* The task
Through the line that contains "Apartamento Adriatic Treasure", return the data below exactly, starting at its first line; leave the rest out.

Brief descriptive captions
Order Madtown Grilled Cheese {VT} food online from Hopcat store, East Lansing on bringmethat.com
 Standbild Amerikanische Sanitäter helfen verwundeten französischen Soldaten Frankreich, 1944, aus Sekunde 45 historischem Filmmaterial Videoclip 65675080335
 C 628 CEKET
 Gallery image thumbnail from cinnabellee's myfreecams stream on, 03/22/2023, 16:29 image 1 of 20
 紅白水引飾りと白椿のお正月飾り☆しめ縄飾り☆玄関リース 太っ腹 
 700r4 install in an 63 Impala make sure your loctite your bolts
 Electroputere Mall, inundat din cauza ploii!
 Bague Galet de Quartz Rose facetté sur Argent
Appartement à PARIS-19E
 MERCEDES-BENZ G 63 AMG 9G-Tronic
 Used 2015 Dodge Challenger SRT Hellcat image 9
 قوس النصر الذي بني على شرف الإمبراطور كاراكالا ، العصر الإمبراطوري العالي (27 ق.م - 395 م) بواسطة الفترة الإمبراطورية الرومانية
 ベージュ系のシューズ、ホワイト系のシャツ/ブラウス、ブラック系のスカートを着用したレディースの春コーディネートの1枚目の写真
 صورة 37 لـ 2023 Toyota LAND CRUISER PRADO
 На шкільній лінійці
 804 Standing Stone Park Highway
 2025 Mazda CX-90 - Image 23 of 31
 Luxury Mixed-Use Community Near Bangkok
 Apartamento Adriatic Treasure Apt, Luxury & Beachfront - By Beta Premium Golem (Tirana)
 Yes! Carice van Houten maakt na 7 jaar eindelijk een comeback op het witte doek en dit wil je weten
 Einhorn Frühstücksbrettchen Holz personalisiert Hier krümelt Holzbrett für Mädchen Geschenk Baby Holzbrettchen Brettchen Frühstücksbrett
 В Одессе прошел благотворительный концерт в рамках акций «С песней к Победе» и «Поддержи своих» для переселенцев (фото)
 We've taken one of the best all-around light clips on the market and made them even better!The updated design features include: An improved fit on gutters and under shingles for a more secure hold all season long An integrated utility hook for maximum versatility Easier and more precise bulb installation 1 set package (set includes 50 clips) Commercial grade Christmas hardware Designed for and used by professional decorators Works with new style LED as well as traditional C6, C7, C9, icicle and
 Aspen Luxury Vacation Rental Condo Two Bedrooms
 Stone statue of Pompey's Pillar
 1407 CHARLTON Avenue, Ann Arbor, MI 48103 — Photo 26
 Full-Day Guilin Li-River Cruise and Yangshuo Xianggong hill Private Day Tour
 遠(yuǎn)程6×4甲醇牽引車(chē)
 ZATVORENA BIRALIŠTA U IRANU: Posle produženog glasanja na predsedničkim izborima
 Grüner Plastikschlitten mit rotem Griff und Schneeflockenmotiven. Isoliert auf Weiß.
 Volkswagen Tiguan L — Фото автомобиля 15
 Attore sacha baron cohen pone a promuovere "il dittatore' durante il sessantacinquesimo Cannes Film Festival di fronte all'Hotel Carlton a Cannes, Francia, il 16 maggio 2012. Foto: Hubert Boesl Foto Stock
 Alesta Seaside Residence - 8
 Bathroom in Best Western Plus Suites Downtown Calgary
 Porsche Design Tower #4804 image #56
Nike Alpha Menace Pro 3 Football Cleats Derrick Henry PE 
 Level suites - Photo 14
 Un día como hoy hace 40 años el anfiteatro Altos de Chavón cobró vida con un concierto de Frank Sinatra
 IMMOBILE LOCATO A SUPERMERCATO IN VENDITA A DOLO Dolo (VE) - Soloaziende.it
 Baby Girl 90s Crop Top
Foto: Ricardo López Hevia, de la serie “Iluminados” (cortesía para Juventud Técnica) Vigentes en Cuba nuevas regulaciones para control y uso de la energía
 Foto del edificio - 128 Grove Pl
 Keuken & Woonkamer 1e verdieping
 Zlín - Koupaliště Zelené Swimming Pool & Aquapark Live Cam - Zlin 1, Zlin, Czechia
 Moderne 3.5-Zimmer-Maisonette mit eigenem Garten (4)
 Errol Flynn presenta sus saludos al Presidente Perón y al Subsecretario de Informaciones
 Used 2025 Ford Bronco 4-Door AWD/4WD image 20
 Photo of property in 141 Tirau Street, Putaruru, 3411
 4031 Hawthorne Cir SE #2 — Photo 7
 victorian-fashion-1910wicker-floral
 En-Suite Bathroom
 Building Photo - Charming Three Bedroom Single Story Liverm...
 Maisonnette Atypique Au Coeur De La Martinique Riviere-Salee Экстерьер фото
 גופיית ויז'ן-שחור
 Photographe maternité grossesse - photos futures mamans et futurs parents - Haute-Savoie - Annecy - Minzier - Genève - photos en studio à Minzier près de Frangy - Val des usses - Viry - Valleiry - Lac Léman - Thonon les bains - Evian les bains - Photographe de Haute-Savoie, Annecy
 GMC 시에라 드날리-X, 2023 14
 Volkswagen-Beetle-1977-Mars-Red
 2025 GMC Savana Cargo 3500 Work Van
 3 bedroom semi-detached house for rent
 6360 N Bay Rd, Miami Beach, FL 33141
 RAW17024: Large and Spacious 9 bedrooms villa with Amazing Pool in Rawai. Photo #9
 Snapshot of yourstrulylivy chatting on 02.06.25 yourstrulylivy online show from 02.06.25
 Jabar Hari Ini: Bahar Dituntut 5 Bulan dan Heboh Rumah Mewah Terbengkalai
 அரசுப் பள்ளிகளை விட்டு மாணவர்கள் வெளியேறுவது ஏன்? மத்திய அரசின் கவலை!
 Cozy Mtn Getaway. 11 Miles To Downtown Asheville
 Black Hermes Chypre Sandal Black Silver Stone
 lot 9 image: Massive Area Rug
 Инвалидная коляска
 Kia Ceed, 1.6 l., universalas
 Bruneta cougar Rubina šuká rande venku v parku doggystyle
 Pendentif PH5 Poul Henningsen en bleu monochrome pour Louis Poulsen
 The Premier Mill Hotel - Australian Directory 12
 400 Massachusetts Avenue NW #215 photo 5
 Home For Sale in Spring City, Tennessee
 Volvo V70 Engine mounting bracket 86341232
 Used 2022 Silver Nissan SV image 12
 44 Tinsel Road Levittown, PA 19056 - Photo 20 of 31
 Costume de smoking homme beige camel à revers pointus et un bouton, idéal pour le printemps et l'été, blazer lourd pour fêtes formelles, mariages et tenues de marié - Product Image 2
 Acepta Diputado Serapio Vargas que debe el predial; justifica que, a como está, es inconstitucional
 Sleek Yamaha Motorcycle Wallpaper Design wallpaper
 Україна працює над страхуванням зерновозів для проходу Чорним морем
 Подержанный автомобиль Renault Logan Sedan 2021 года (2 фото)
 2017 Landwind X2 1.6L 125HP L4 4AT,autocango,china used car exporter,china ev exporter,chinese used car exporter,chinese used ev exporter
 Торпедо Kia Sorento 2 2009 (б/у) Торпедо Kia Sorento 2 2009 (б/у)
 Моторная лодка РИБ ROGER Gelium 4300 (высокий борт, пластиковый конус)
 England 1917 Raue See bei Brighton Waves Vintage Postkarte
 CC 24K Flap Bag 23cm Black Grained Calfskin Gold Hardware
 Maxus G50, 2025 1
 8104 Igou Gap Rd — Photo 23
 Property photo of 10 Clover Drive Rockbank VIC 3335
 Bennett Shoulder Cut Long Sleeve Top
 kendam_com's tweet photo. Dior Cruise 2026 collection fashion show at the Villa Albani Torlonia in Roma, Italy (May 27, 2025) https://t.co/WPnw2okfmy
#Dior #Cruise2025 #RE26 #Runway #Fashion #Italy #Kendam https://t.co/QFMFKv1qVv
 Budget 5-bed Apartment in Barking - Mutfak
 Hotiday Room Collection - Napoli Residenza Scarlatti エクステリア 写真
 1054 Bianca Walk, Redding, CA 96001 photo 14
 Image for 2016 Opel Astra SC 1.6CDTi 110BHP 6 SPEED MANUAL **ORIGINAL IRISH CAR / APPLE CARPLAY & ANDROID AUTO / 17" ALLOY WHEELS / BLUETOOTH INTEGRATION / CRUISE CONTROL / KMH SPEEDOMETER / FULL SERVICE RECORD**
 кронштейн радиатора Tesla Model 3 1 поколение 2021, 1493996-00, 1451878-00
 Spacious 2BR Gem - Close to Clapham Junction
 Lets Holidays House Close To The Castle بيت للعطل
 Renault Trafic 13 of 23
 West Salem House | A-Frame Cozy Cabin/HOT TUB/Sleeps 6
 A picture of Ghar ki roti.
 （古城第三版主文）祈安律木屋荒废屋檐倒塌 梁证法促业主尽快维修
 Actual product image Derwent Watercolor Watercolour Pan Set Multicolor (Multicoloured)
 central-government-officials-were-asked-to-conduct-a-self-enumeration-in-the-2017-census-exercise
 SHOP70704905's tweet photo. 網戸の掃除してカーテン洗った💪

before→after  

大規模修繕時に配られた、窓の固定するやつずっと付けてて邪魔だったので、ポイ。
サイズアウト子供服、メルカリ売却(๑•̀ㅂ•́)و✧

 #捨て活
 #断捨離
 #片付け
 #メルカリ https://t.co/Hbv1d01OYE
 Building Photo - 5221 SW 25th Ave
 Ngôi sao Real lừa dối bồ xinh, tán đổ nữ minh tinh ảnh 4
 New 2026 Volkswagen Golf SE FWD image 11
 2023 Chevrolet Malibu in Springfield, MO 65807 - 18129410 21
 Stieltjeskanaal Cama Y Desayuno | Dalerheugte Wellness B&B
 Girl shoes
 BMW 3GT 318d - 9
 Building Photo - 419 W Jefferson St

* Answer to the problem
Order Madtown Grilled Cheese {VT} food online from Hopcat store, East Lansing on bringmethat.com
 Standbild Amerikanische Sanitäter helfen verwundeten französischen Soldaten Frankreich, 1944, aus Sekunde 45 historischem Filmmaterial Videoclip 65675080335
 C 628 CEKET
 Gallery image thumbnail from cinnabellee's myfreecams stream on, 03/22/2023, 16:29 image 1 of 20
 紅白水引飾りと白椿のお正月飾り☆しめ縄飾り☆玄関リース 太っ腹 
 700r4 install in an 63 Impala make sure your loctite your bolts
 Electroputere Mall, inundat din cauza ploii!
 Bague Galet de Quartz Rose facetté sur Argent
Appartement à PARIS-19E
 MERCEDES-BENZ G 63 AMG 9G-Tronic
 Used 2015 Dodge Challenger SRT Hellcat image 9
 قوس النصر الذي بني على شرف الإمبراطور كاراكالا ، العصر الإمبراطوري العالي (27 ق.م - 395 م) بواسطة الفترة الإمبراطورية الرومانية
 ベージュ系のシューズ、ホワイト系のシャツ/ブラウス、ブラック系のスカートを着用したレディースの春コーディネートの1枚目の写真
 صورة 37 لـ 2023 Toyota LAND CRUISER PRADO
 На шкільній лінійці
 804 Standing Stone Park Highway
 2025 Mazda CX-90 - Image 23 of 31
 Luxury Mixed-Use Community Near Bangkok
 Apartamento Adriatic Treasure Apt, Luxury & Beachfront - By Beta Premium Golem (Tirana)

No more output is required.